Lycon's helmet turned to the Egyptian. "It had a chance to kill me under the Amphitheater," the beastcatcher said softly. "It passed me by. I think I'll have to give it a reason to change its mind about leaving me alive."
"It didn't pass me by," N'Sumu snapped. He hugged himself again, and the agitation which never seemed to enter his tone showed itself in the sudden volume with which he spat out the words. "It knows that it's safe if it can kill me!"
"Does it know that?" asked the voice from the bronze grillwork. "Then you'd best get out of danger, hadn't you?" The helmet nodded toward the leaves of the sanctuary door, behind Vonones and the bronze man.
Vonones reached for his friend, hesitated, and then transferred the whip to his left hand to grip Lycon with his right. "Goddess Fortune be with you, my friend," he said, and he sounded as if he wished that he could truly believe in any god, even Chance.
Lycon chuckled, and it might have been the helmet's constriction which made the sound that of a drowning man. He clasped Vonones' arm, hand to wrist, then released the merchant and shook him
self. The bronze and the iron armor had the same pale sheen in the colorless moonlight. The beastcatcher touched the net slung over his left shoulder, but he did not transfer it to his hand for ready use as he stumped off across the plaza.

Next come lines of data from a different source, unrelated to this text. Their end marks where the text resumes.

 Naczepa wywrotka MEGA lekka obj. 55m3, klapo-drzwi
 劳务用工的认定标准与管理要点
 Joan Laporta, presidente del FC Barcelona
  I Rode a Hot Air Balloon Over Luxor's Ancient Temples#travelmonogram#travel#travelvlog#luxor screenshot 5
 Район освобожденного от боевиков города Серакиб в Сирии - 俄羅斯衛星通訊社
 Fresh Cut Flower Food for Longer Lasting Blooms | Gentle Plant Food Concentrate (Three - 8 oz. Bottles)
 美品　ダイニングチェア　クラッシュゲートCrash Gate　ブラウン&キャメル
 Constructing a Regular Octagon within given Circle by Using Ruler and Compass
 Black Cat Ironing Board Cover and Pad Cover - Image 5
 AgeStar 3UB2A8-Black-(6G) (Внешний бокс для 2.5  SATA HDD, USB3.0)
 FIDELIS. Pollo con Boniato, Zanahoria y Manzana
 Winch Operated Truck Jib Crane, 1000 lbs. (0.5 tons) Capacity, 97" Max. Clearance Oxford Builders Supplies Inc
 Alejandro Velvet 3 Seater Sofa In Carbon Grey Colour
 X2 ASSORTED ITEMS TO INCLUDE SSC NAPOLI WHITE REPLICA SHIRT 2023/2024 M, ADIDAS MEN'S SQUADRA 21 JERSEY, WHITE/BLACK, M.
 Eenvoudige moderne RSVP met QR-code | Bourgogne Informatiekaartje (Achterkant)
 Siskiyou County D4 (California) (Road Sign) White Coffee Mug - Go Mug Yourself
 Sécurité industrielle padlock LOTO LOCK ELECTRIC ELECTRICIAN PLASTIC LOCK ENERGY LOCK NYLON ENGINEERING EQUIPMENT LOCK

N'Sumu watched the armored Greek with a stride as careless as that of a male lion at the height of his powers. The eye Vonones watched in profile flickered from sandy opaqueness to the abnormal, glittering clarity which was nonetheless normal for N'Sumu. "Do you know what he intends to do?" the Egyptian demanded without looking away from Lycon's back. The beastcatcher was nearing the apartment building opposite.
"I think so," said Vonones. "I'm afraid I do." Then he added, "Let's get inside."
There was a large party of animal-handlers in the courtyard of the apartment block; most of them trained in the arena rather than the field but the best that could be assembled in Rome on the present schedule. Vonones had as little confidence in their ability to capture the lizard-ape in time as he did in the hope that Lycon's armor would preserve him for more than one swipe of the beast's talons. A creature which could unlock a cage with its claws was unlikely to be seriously deterred by protection which did not cover the throat or the great arteries of its victim's thighs.
Such benefit as the sword could bring would be effectively posthumous; and even that was doubtful.
N'Sumu opened the sanctuary door whose corroded hinges had proven more of an obstacle than the padlock which Lycon had struck off in preparation for this night. Temples were centers of ceremony, not worship. In all likelihood, this sanctuary had not been opened in eighty years, ever since the Emperor Augustus had refurbished and rededicated it and scores of similar temples in superficial homage to the ancient values which his programs were undermining.